[What is needed] Repeat the listing exactly. The images do not belong in the copy.

[Information shown]
# # # # # # #

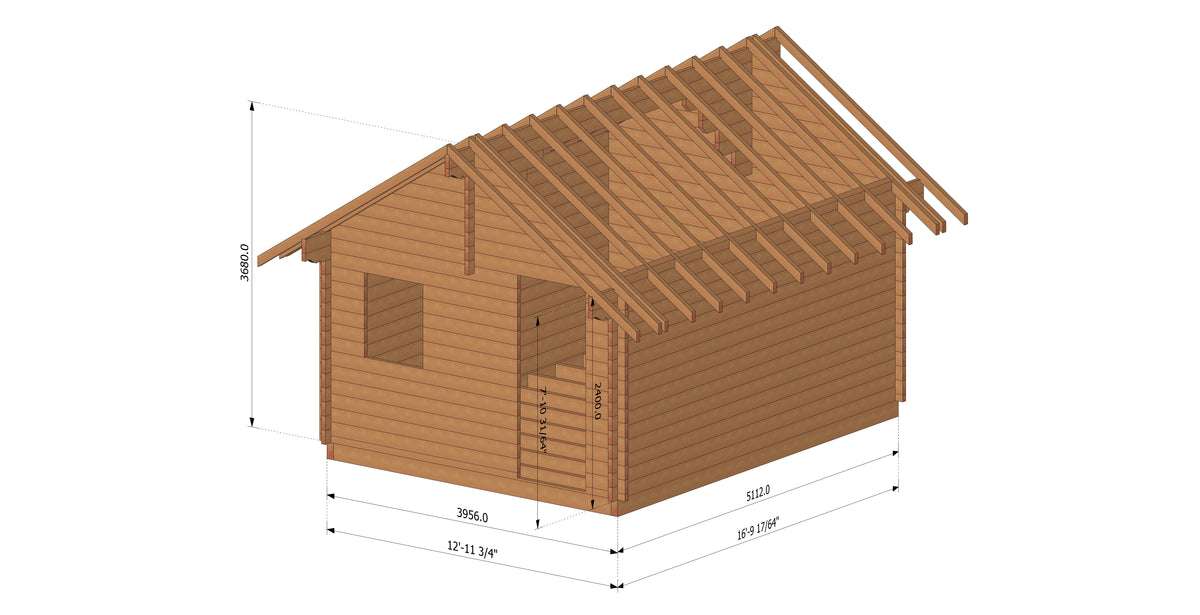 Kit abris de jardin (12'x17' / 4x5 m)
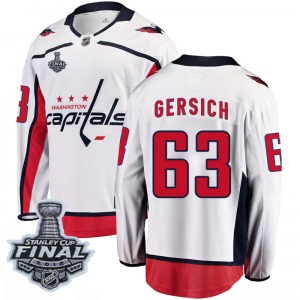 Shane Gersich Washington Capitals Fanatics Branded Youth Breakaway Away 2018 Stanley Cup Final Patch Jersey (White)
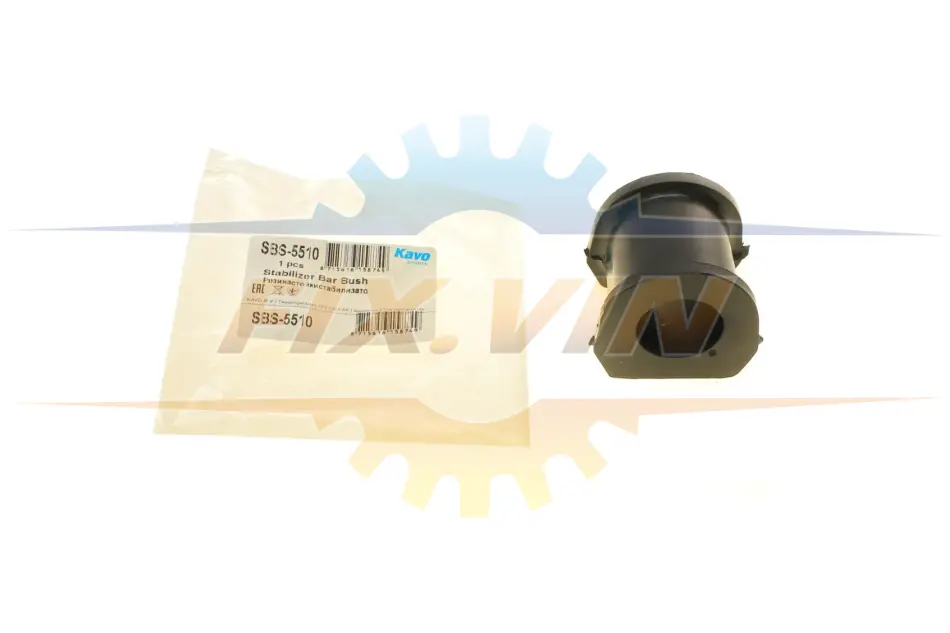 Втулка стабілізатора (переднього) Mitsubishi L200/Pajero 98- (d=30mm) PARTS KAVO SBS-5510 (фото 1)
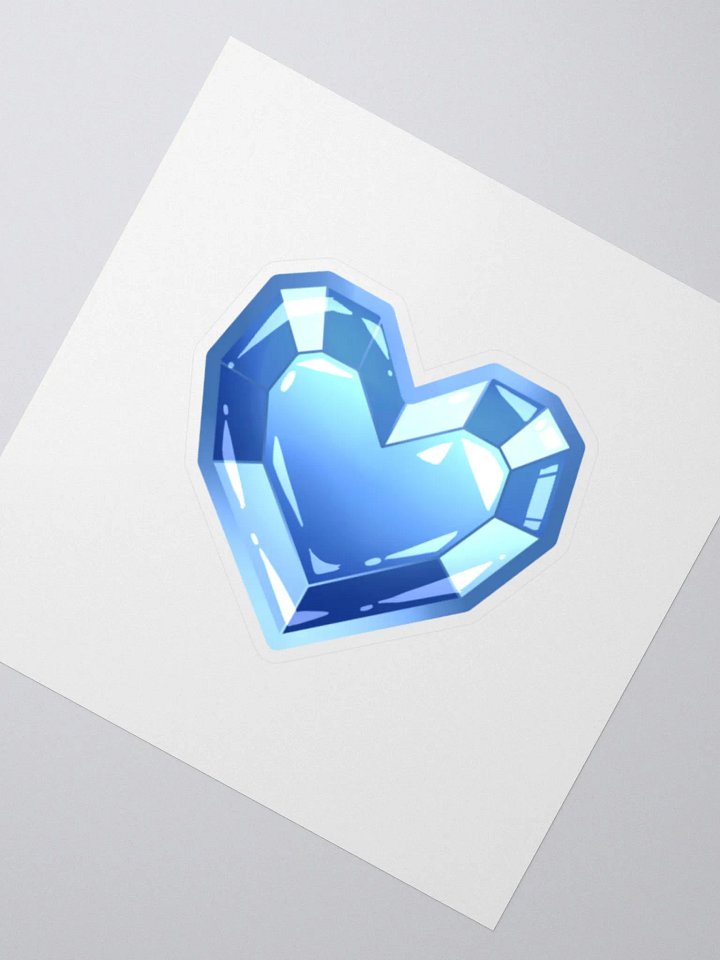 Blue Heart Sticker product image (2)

# # # # # # #

[Task output]
 Kit abris de jardin (12'x17' / 4x5 m)
 Shane Gersich Washington Capitals Fanatics Branded Youth Breakaway Away 2018 Stanley Cup Final Patch Jersey (White)
 Втулка стабілізатора (переднього) Mitsubishi L200/Pajero 98- (d=30mm) PARTS KAVO SBS-5510 (фото 1)
 Blue Heart Sticker product image (2)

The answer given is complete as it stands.